With so much of your time spent on your poetry, your PhD and editing, do you find the time to also translate? If you do, what are your present or future projects?

SC: I’m working on some ‘looser’ translations of poems by Polish poet Małgosia or Małgorzata Lebda. I’ve also been doing a bit on poems by Lieke Marsman, a young Dutch poet. Having grown up in the Netherlands, Dutch would be my ‘other language’ (I hesitate to say ‘second language’, though I’m not bilingual) and I feel there is a lot of really brilliant work in Holland. I’m also interested in translating a novel from Dutch, and am currently thinking about and discussing this with certain people – maybe translating a novel will teach me how to write one too?

What are you most excited about in all things translation currently?

SC: I’m very excited by what universities are doing with translation as a discipline, which is growing and growing in so many ways, including in terms of its influence on more visible lines of study (like comparative literature – see Emily Apter’s books for instance, including Against World Literature). ‘Translating feminism: transfer, transgression, transformation’, taking place at the University of Glasgow, is a really important and inspiring research project.

Lydia Davis’s engagement with Dutch literature is surprising and exciting to me.
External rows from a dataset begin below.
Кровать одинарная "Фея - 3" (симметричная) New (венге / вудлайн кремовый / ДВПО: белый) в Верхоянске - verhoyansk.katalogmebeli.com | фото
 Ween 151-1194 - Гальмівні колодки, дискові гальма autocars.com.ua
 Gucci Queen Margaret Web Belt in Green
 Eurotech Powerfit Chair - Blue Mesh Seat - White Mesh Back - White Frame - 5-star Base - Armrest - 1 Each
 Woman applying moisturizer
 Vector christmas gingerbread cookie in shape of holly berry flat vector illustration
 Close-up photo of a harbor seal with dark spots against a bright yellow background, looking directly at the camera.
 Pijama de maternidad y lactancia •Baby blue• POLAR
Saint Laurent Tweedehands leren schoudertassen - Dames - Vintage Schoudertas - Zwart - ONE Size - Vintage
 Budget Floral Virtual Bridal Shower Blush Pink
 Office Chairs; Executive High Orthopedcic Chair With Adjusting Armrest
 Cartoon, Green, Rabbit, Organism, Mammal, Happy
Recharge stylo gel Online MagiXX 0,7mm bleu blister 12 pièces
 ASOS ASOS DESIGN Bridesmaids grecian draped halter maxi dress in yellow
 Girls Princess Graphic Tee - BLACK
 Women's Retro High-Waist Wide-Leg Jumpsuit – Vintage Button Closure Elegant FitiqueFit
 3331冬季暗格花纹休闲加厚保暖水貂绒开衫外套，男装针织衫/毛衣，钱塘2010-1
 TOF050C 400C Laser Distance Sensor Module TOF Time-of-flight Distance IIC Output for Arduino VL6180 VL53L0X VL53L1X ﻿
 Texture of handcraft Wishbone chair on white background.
I was gobsmacked and a little irrationally jealous to see her mention De Avonden (The Evenings) in an interview with Asymptote. As she writes, the book by Gerard van het Reve is a classic in Holland and ‘portrays just ten days in the tedious life of a clerk who lives with his parents’. There are ten chapters. Each chapter is a day, and the whole thing takes place in winter, across Christmas and New Year’s Eve. There are lots of strange and disturbing dream sequences. I first came across the story in its graphic novel form (rendered by Dick Matena) in my dad’s study when I was not quite a teenager and became kind of obsessed with this thing I saw as an esoteric object. I was so entranced by it. Later I essentially plagiarised sections of the story as a first year Creative Writing student. I just found out Pushkin Press have published an English translation.

Certain poet-translators’ words about translation continue to excite me – Don Mee Choi’s and Linh Dinh’s, in particular. They express different aims for, and critical perspectives on, translation, but they are both particularly forceful and caustic – qualities that I respect and enjoy, and am personally drawn to. I’m really looking forward to Choi’s translation of an interview with the Korean poet Kim Hyesoon in the forthcoming issue of Modern Poetry in Translation. Her translations of Kim’s work in Currently & Emotion are phenomenal.

Also Elena Ferrante’s Frantumaglia translated by Ann Goldstein. I’m about halfway through, and so much of what Ferrante wrote – mainly privately, in letters – in the ’90s and early 2000s accurately anticipates our current political situation.


Sophie Collins is co-editor of tender, an online journal promoting work by female-identified writers and artists. Her poems have appeared in magazines, anthologies, newspapers and art books, and in the first instalment of the newly revived Penguin Modern Poets series with Anne Carson and Emily Berry. She is an artist-in-residence at Glasgow Women’s Library, where she is researching and writing a text on shame to be published by Book Works in 2017. Her first poetry collection is forthcoming from Penguin.

Jen Calleja is a writer and literary translator from German. Her debut poetry collection Serious Justice is published by Test Centre, and she is currently translating a novella by Kerstin Hensel and essays by Wim Wenders. She is index artist in residence in Zurich working on her first novel, translator in residence at the Austrian Cultural Forum London and editor of Anglo-German arts journal Verfreundungseffekt. She plays in Sauna Youth/Monotony, Feature and GOLD FOIL.